Online users are still shopping in droves — lured by the same types of aggressive promotions seen at brick-and-mortar stores for Black Friday. Amazon unveiled new deals every 10 minutes during Cyber Monday, with discounts on Fire TVs, Kindle Fire HD 7s and Fire Phones as well as 50 to 70 percent off cold-weather outerwear and accessories for kids and puffer jackets for women.

For the first time, Wal-Mart’s Cyber Monday deals extended to its brick-and-mortar stores. More than 100 items priced at special Cyber Monday prices could be ordered online and picked up that same day from any Wal-Mart door.

The retailer started its Cyber Week sale at walmart.com on Saturday, and same-day pickup in store more than doubled year over year in the first day. A special “Evening Edition” of sales was added this year to cater to working consumers who might not be able to do their shopping until the later hours.

More than 70 percent of the traffic to walmart.com came from a mobile device during the holiday weekend, a record for the site.

Further underscoring the importance of shopping on the go, J.C. Penney Co. Inc. reported that more than 50 percent of its Cyber Monday transactions at jcpenney.com came from mobile users.
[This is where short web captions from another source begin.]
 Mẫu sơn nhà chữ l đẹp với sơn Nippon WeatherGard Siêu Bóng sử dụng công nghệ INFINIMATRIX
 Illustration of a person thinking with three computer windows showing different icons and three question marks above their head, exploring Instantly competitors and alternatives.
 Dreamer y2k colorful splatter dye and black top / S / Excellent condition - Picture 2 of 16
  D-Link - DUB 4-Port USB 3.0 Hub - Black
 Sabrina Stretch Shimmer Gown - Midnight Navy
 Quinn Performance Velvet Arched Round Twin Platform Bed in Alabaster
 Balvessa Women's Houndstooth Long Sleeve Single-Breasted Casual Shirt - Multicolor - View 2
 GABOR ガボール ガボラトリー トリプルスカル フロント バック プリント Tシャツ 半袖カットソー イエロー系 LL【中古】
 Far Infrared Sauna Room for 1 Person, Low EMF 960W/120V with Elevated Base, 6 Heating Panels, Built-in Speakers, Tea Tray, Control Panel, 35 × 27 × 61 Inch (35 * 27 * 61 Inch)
“Cyber Monday has been a tremendous momentum day for the last few years and e-commerce continues to grow by strong numbers, so why wouldn’t Cyber Monday also grow,” said Sucharita Mulpuru, vice president and principal analyst at Forrester Research. She predicted Cyber Monday sales would at least match Black Friday’s online take of $2.4 billion and might even make it to the $3 billion mark. “It’s been great for the past several years and it’s usually the biggest day of the year without retailers significantly trying.”

She contended that sales are pretty consistent on and offline, with similar discounts offered on both channels. The biggest differentiator online is that there are just so many more items available than in-store.

Clement Kwan, president of Yoox Corp., said that Thanksgiving Day and Black Friday saw two consecutive daily sales records, with Friday breaking an all-time daily record with 1.5 million visitors and an order placed every three-and-a-half seconds. Shoes were the best-selling category (15,000 pairs were sold), and high-heel ankle boots were the most popular style.

While North America contributed the majority of the sales, Yoox contends that Black Friday is becoming more of a global event, with Moscow and Tokyo being second- and third-most-shopped cities. London came in fourth place saleswise, but the U.K. had the highest percentage of mobile shoppers.

Kwan said Yoox would tweak its marketing messages based on data collected from Nov. 26 through Nov. 30 to help drive more sales Monday.

“We use these trends to adjust our overall proposition to customers and recommendation algorithms for targeted communication of content and merchandising. This basically amounts to blending content and commerce to meet the expectations of the customer today, both on desktop and mobile,” Kwan said, adding “results so far look good” for Monday.

Forty-six percent of traffic came from mobile, resulting in a mobile sales increase of 107 percent year over year for Yoox.com, Thecorner.com, Shoescribe.com and more than 30 monobrand online stores including armani.com, alexanderwang.com, missoni.com and valentino.com that all operate under the Yoox Group umbrella.

PayPal is also seeing significant mobile growth this season, according to Pablo Rodriguez, PayPal global head of consumer initiatives. As of 2:30 p.m. on Monday, the payment solution was experiencing a 39 percent lift in mobile payment volume compared with a year earlier.

“The mobile piece is significant just given the data on Thanksgiving, Black Friday and even today,” Rodriguez said. Over the weekend, he told WWD that Thanksgiving and Black Friday saw 47 percent and 62 percent jumps in global mobile payment volume, respectively.

Rodriguez acknowledged that Cyber Monday’s mobile payments are growing at a slower rate than those of Thanksgiving and Black Friday — but this is likely due to merchants launching sales earlier and earlier. “The fact that many retailers pushed sales before last Friday signified that’s its more of a Cyber Month than Cyber Monday,” Rodriguez said.